▶ [WORK REQUIRED]
The expected output is exactly the lines below, starting at the line with "Đôi nét về game bài poker" and ending at the line with "57 Adelaide Park Road, Yeppoon QLD 4703", both included; no other line belongs in it.
START RECORDED INFORMATION
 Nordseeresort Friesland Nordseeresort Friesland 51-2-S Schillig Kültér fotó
END RECORDED INFORMATION
START RECORDED INFORMATION
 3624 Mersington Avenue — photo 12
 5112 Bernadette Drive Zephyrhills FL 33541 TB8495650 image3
END RECORDED INFORMATION
START RECORDED INFORMATION
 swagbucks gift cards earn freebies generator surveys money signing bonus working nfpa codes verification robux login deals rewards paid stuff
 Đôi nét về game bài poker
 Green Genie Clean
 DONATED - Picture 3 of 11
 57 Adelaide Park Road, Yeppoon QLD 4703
END RECORDED INFORMATION
▶ [RESPONSE]
 Đôi nét về game bài poker
 Green Genie Clean
 DONATED - Picture 3 of 11
 57 Adelaide Park Road, Yeppoon QLD 4703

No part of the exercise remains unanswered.